▸ ABOUT THIS TASK: Copy word for word the line containing "The jug has" together with all lines following it to the end of the listing below, without the pictures.

▸ DATASET EXTRACT:

═══

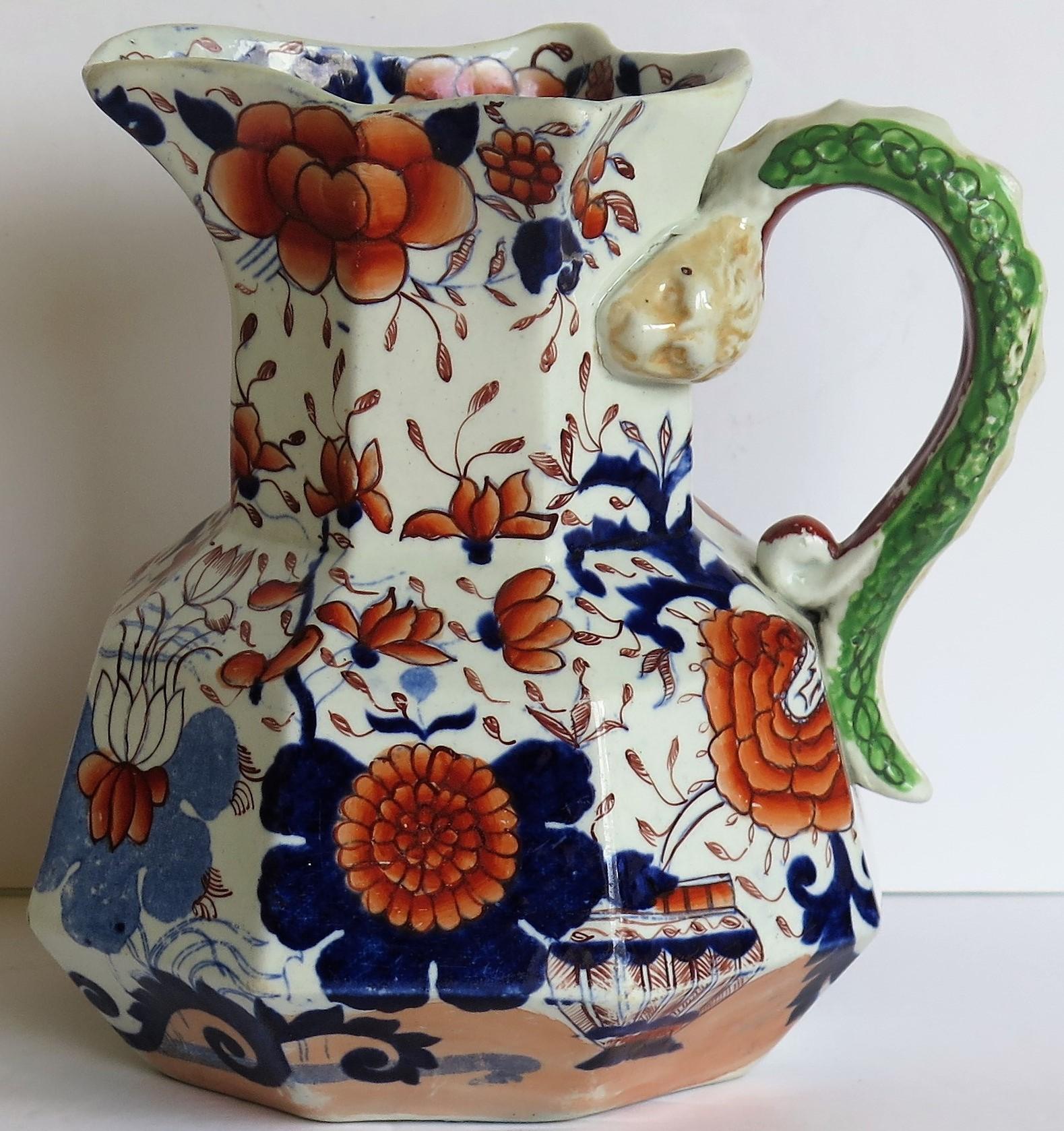 This is a good, large, early Mason's Ironstone Hydra jug or pitcher in the basket Japan pattern, made in the English, late Georgian period, circa 1815-1820.

The jug has an octagonal shape with a notched snake handle and is decorated in the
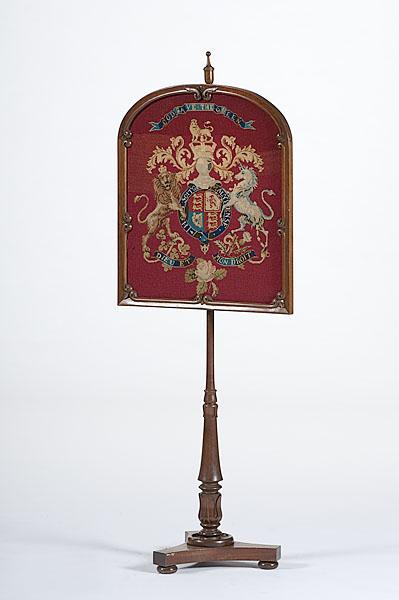 Appraisal: VICTORIAN FIRE SCREEN English ca with a large mahogany shield-shaped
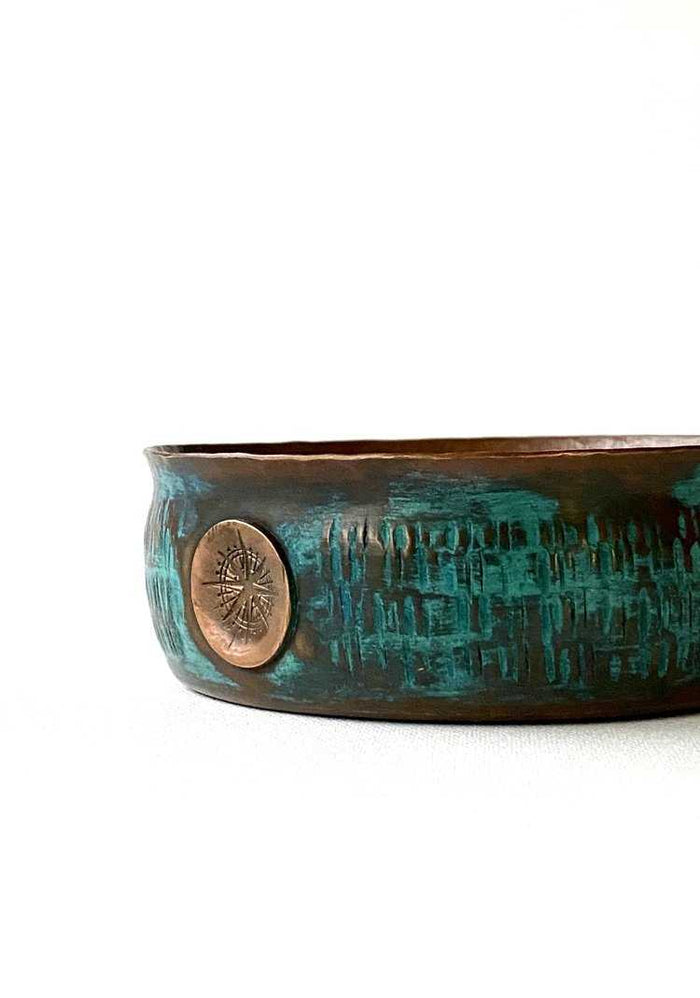 Bottom view of copper lather bowl showing embossed logo and textured aquamarine exterior, handcrafted from thick copper for grooming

═══

▸ RESPONSE AREA:
The jug has an octagonal shape with a notched snake handle and is decorated in the
 Appraisal: VICTORIAN FIRE SCREEN English ca with a large mahogany shield-shaped
 Bottom view of copper lather bowl showing embossed logo and textured aquamarine exterior, handcrafted from thick copper for grooming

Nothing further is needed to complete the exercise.